17.2.5 Supported Property Types for Supervised GraphWise Model
The model supports two types of properties for both vertices and edges:
continuous properties
(boolean, double, float, integer, long)categorical properties
(string)
For categorical properties, two categorical configurations are possible:
one-hot-encoding
: Each category is mapped to a vector, that is concatenated to other features (default)embedding table
: Each category is mapped to an embedding that is concatenated to other features and is trained along with the model
opg4j> import oracle.pgx.config.mllib.inputconfig.CategoricalPropertyConfig;
opg4j> var prop1config = analyst.categoricalPropertyConfigBuilder("vertex_str_feature_1").
oneHotEncoding().
setMaxVocabularySize(100).
build()
opg4j> var prop2config = analyst.categoricalPropertyConfigBuilder("vertex_str_feature_2").
embeddingTable().
setShared(false). // set whether to share the vocabulary or not when several vertex types have a property with the same name
setEmbeddingDimension(32).
setOutOfVocabularyProbability(0.001). // probability to set the word embedding to the out-of-vocabulary embedding
build()
opg4j> var model = analyst.supervisedGraphWiseModelBuilder().

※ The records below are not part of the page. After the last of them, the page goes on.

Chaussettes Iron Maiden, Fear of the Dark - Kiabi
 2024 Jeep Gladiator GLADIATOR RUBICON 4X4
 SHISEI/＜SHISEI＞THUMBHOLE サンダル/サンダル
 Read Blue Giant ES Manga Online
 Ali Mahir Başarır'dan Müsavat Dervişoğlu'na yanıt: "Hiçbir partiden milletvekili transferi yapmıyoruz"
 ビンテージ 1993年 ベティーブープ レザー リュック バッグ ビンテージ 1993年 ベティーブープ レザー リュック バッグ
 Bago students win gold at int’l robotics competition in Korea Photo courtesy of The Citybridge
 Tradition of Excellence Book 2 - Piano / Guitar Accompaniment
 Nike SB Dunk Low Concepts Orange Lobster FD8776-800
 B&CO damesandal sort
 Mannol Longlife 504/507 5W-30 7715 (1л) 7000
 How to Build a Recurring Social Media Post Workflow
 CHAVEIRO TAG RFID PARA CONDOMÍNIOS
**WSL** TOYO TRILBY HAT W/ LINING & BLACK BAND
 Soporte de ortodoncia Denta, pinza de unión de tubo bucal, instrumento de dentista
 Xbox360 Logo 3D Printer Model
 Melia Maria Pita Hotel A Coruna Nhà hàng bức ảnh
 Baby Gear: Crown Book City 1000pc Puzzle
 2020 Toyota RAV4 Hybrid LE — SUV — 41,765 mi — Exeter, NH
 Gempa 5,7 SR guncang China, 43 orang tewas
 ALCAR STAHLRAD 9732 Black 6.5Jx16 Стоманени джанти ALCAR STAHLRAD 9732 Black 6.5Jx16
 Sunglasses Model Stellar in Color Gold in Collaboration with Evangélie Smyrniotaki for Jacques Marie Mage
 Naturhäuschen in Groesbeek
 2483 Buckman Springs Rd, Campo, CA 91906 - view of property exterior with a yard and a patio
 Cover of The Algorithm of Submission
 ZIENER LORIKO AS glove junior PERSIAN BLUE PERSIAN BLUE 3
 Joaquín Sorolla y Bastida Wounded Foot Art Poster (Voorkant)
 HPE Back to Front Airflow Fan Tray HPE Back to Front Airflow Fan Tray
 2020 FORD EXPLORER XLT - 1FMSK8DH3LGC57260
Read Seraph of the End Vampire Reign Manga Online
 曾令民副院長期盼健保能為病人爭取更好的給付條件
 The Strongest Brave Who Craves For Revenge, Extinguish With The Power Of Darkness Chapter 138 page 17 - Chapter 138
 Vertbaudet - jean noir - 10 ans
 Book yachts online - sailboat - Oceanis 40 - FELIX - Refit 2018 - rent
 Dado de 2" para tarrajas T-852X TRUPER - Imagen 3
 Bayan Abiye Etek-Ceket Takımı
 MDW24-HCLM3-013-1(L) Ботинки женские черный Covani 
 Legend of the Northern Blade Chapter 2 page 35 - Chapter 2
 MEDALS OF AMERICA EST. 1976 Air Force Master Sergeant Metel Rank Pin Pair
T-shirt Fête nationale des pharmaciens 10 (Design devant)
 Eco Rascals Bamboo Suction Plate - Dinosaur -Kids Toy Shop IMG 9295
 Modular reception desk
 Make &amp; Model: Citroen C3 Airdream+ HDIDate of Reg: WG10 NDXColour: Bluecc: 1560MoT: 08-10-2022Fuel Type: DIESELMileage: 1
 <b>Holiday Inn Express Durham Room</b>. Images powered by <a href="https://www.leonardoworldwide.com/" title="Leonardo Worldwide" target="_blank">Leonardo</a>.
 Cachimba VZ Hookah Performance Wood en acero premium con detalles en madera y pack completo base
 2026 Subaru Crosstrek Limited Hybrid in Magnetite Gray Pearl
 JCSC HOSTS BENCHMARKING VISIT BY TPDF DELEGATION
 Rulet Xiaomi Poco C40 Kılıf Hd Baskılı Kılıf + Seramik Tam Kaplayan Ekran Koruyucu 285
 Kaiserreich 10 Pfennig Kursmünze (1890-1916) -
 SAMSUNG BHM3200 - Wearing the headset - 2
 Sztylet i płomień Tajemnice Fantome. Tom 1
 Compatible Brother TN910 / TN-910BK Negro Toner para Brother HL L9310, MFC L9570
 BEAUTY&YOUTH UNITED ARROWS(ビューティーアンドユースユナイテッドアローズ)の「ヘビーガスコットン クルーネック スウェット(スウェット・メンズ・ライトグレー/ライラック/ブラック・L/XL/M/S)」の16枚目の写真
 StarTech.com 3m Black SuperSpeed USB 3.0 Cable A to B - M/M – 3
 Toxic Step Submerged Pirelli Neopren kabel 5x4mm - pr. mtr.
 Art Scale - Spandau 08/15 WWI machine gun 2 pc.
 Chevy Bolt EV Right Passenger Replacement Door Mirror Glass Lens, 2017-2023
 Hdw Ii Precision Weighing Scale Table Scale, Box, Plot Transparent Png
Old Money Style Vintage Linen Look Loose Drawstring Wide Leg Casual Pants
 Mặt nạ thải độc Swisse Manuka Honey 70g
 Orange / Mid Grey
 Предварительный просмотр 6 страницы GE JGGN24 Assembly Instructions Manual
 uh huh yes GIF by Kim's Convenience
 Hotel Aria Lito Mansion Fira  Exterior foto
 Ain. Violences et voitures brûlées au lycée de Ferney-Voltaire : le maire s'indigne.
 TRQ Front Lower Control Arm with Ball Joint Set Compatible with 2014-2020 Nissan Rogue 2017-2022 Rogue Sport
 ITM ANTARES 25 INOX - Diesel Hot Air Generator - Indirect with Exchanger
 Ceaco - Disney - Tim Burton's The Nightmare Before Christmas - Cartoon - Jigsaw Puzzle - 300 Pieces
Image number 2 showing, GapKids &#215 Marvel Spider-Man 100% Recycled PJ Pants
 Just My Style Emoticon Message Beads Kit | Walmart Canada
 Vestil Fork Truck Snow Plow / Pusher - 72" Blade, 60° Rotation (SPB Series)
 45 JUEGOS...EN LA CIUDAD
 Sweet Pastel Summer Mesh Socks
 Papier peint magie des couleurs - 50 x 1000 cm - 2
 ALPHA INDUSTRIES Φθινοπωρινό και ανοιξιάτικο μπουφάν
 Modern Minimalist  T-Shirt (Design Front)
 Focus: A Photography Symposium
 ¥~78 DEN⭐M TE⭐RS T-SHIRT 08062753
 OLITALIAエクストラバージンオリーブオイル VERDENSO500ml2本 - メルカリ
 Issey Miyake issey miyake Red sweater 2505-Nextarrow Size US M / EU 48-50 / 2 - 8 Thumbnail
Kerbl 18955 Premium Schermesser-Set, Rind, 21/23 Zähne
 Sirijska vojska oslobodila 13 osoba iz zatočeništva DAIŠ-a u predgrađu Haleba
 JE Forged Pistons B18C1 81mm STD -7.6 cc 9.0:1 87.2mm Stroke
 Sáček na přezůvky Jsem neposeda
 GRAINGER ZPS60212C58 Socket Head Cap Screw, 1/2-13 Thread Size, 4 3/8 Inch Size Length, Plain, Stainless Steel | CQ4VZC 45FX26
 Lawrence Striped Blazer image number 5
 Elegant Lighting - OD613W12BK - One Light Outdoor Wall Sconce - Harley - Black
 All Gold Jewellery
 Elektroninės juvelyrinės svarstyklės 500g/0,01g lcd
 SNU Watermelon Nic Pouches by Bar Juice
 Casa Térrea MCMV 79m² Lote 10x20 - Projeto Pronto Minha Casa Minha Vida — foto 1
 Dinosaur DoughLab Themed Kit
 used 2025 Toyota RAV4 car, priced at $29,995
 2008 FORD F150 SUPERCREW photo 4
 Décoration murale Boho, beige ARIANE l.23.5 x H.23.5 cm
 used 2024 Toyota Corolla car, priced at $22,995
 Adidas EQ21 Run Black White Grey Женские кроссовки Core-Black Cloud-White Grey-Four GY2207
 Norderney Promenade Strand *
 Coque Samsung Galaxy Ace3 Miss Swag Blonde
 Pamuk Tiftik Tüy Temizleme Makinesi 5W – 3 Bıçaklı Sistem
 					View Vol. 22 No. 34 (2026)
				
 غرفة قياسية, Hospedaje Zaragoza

setVertexInputPropertyNames(
"vertex_int_feature_1", // continuous feature
"vertex_str_feature_1", // string feature using one-hot-encoding
"vertex_str_feature_2", // string feature using embedding table
"vertex_str_feature_3" // string feature using one-hot-encoding (default)
).
setVertexTargetPropertyName("label").
setVertexInputPropertyConfigs(prop1config, prop2config).
build()
import oracle.pgx.config.mllib.inputconfig.CategoricalPropertyConfig;
import oracle.pgx.config.mllib.inputconfig.InputPropertyConfig;
InputPropertyConfig prop1config = analyst.categoricalPropertyConfigBuilder("vertex_str_feature_1")
.oneHotEncoding()
.setMaxVocabularySize(100)
.build();
InputPropertyConfig prop2config = analyst.categoricalPropertyConfigBuilder("vertex_str_feature_2")
.embeddingTable()
.setShared(false) // set whether to share the vocabulary or not when several vertex types have a property with the same name
.setEmbeddingDimension(32)
.setOutOfVocabularyProbability(0.001) // probability to set the word embedding to the out-of-vocabulary embedding
.build();
SupervisedGraphWiseModelBuilder model = analyst.supervisedGraphWiseModelBuilder()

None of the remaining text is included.